Hawaii coaches give recruits surfing lessons

May, 2, 2011
5/02/11
4:32
PM ET
Hawaii coach Gib Arnold welcomed a pair of new players to the program and the Aloha State by helping them do as the Hawaiians do and catch some waves.

Dayton Morinaga of Warrior Insider has video of Arnold teaching incoming freshmen Dillon Biggs and Gerry Blakes how to surf on an idyllic Hawaiian day in a scene that was, well, pretty awesome for the Los Angeles-area natives to experience.

According to Warrior Insider, both players had already signed their national letters of intent before even taking their official visits and getting to go surfing.
Hawaii head coach Gib Arnold and assistant coach Brandyn Akana both surf in their spare time, so they provided the guidance and instructions for Biggs and Blakes.

"Well, I don't think we have to worry about either of them getting a surfing scholarship any time soon," Arnold said with a laugh.

As expected for first-time surfers, Biggs and Blakes spent more time falling into the ocean than riding the waves, but both said it was a priceless experience.

Arnold, who did the haka at Midnight Madness in his first season as coach, has gone shirtless once again to show how attractive his program can be with its natural advantages.
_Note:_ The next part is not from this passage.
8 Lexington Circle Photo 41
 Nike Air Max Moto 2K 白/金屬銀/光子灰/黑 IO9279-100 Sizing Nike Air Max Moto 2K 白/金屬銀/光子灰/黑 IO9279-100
That it was two recruits from Los Angeles who were able to do the surfing was no coincidence.

Arnold, the former USC assistant, has signed seven players from Southern California with his first two recruiting classes (one has since left the program) and also has USC transfer Davis Rozitis becoming eligible next season.

The ability to draw talent from one of the nation's recruiting hotbeds should pay dividends for Arnold after he led the Warriors to a 19-win season and an appearance in the CollegeInsider.com Postseason Tournament, the program's first appearance in the postseason since 2004.

Hawaii is leaving the WAC after next season to join the Big West, which is made up of mostly Southern California schools and will allow numerous opportunities for players to have their families watch them play.

And as evidenced by the surfing lessons, life in Hawaii isn't all that bad, either.